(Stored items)
- - - - -

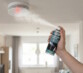 ne personne vaporise le spray de test STANGER vers un détecteur de fumée fixé au plafond d'un salon, déclenchant le voyant lumineux rouge de l'appareil."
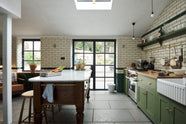 A quaint and modern Wilkes green Shaker kitchen features a cooker and sink run with a rustic oak worktop, a long shaker shelf, and a Dairy table with a breakfast nook. Adorned with a long hanging rail, sky light, glass doors, signature ceramics, brass cups, and a large wall of metro tiles it embodies a playful industrial and practical design.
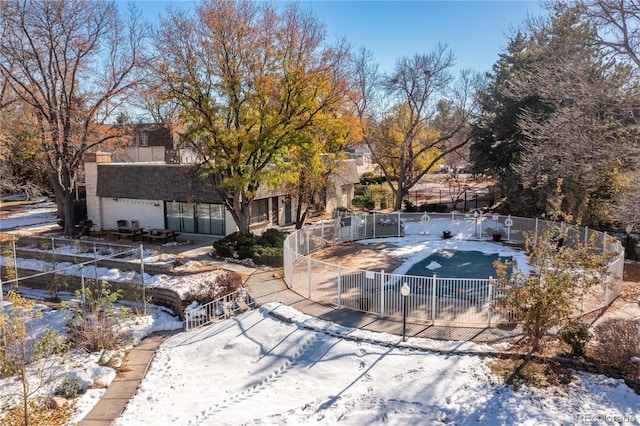 view of snow covered pool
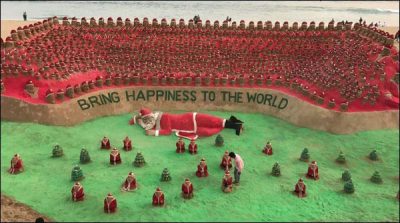 Indian artist set up of Santa Claus from sand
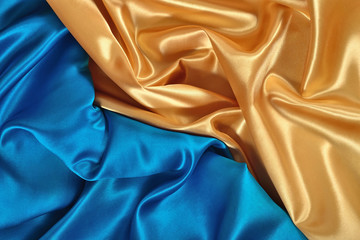 Natural golden and blue satin fabric texture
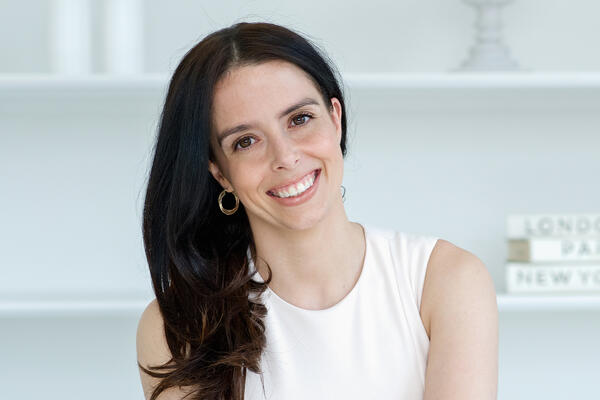 Woman in a white dress smiling at the camera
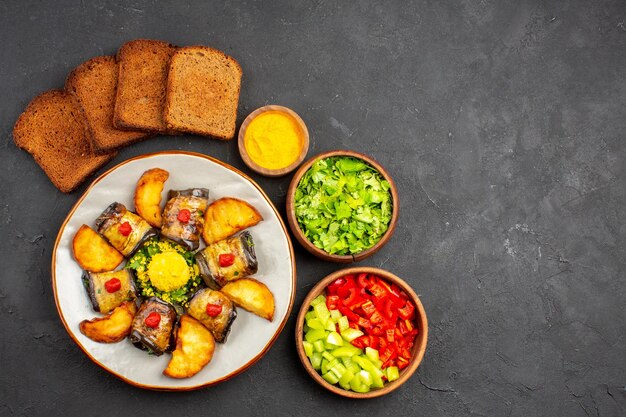 Top view delicious eggplant rolls cooked dish with baked potatoes on a dark background dish cooking food potato fry bake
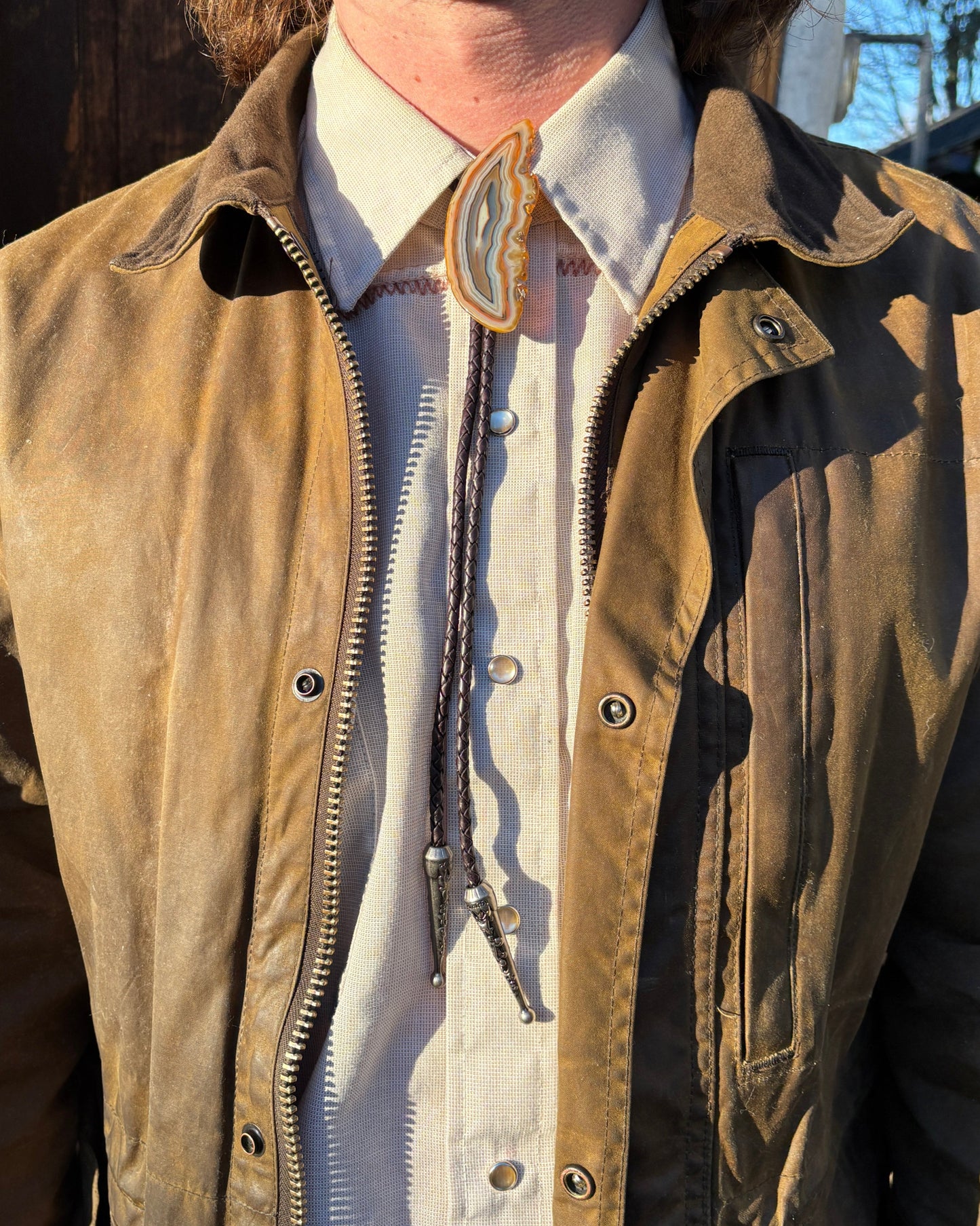 A person in a brown leather jacket over a beige button-up shirt is accessorized with the Cimmaron Bolo Tie from My Store, featuring natural banded agate and pewter tips. Sunlight highlights the clothings textures.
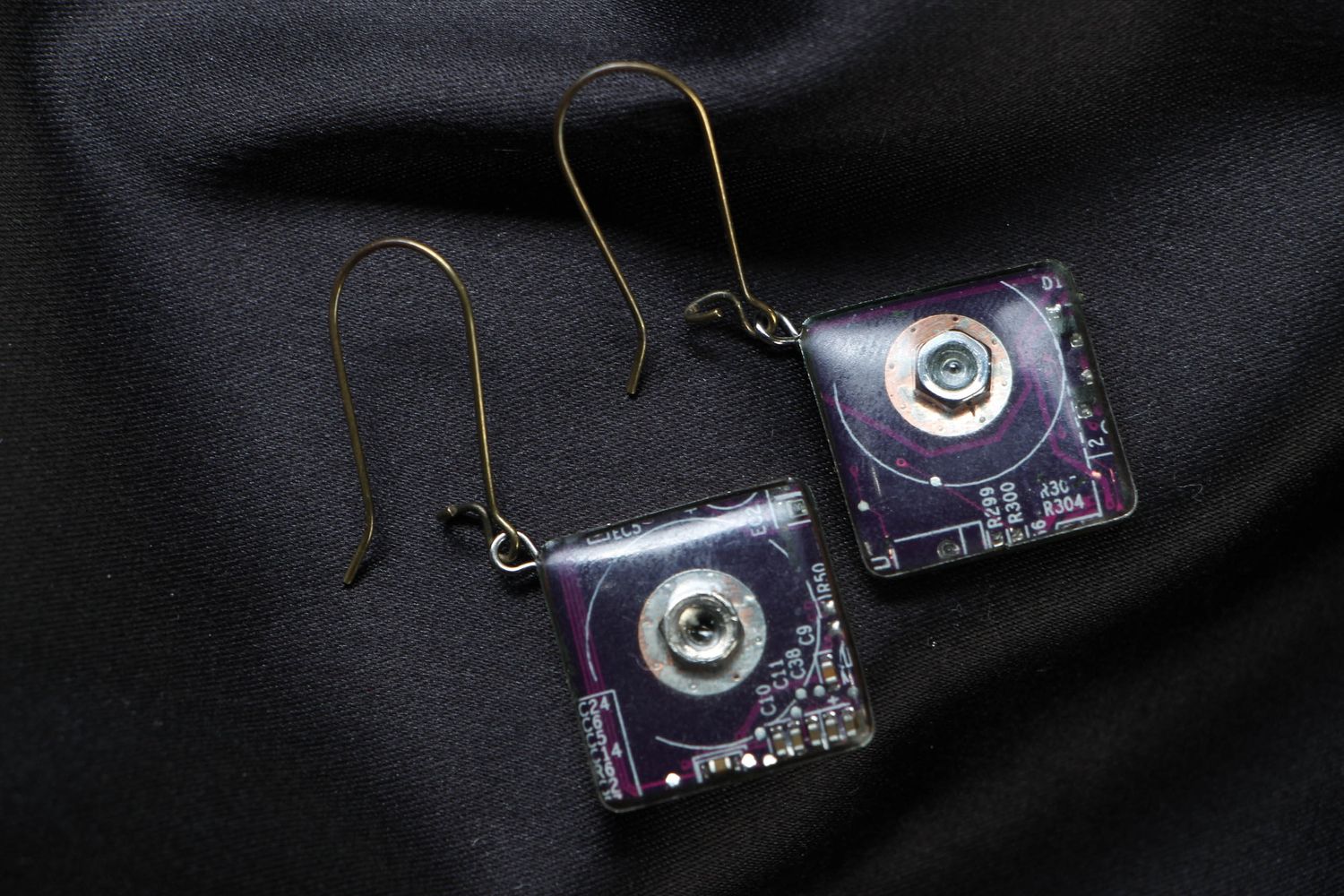 Beautiful metal earrings with microchips photo 1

- - - - -

Skip the pictures and transcribe the rest of the records exactly.

**YOUR RESPONSE**
 ne personne vaporise le spray de test STANGER vers un détecteur de fumée fixé au plafond d'un salon, déclenchant le voyant lumineux rouge de l'appareil."
 A quaint and modern Wilkes green Shaker kitchen features a cooker and sink run with a rustic oak worktop, a long shaker shelf, and a Dairy table with a breakfast nook. Adorned with a long hanging rail, sky light, glass doors, signature ceramics, brass cups, and a large wall of metro tiles it embodies a playful industrial and practical design.
 view of snow covered pool
 Indian artist set up of Santa Claus from sand
 Natural golden and blue satin fabric texture
 Woman in a white dress smiling at the camera
 Top view delicious eggplant rolls cooked dish with baked potatoes on a dark background dish cooking food potato fry bake
 A person in a brown leather jacket over a beige button-up shirt is accessorized with the Cimmaron Bolo Tie from My Store, featuring natural banded agate and pewter tips. Sunlight highlights the clothings textures.
 Beautiful metal earrings with microchips photo 1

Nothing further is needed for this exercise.